What to produce: Please set down every entry from the listing below, word for word.

Listed records:
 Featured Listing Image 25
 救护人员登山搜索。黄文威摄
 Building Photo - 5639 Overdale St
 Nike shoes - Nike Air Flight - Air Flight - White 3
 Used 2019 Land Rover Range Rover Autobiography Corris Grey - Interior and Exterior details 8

Answer space:
 Featured Listing Image 25
 救护人员登山搜索。黄文威摄
 Building Photo - 5639 Overdale St
 Nike shoes - Nike Air Flight - Air Flight - White 3
 Used 2019 Land Rover Range Rover Autobiography Corris Grey - Interior and Exterior details 8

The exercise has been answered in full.